Caption-style text data:
>>
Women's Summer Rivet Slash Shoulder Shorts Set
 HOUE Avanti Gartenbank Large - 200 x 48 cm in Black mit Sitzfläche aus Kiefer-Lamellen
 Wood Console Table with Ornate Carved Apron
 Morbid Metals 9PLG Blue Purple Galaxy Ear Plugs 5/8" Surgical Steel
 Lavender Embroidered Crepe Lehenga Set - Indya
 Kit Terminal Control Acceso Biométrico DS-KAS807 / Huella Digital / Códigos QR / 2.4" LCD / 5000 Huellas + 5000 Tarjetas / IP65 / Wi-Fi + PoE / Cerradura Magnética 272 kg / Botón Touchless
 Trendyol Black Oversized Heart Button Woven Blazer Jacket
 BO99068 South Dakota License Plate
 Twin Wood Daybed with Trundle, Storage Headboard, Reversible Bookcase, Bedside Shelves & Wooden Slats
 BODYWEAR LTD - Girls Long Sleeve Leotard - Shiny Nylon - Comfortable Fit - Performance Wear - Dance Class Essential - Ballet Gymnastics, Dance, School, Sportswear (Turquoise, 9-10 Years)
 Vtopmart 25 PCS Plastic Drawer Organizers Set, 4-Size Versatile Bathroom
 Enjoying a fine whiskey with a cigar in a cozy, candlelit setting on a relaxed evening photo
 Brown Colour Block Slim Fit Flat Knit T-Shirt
<<
▸ **Exercise goal**
Filter the data above, keeping only lines that include the string "with".

▸ **Result of the exercise**
 Wood Console Table with Ornate Carved Apron
 Twin Wood Daybed with Trundle, Storage Headboard, Reversible Bookcase, Bedside Shelves & Wooden Slats
 Enjoying a fine whiskey with a cigar in a cozy, candlelit setting on a relaxed evening photo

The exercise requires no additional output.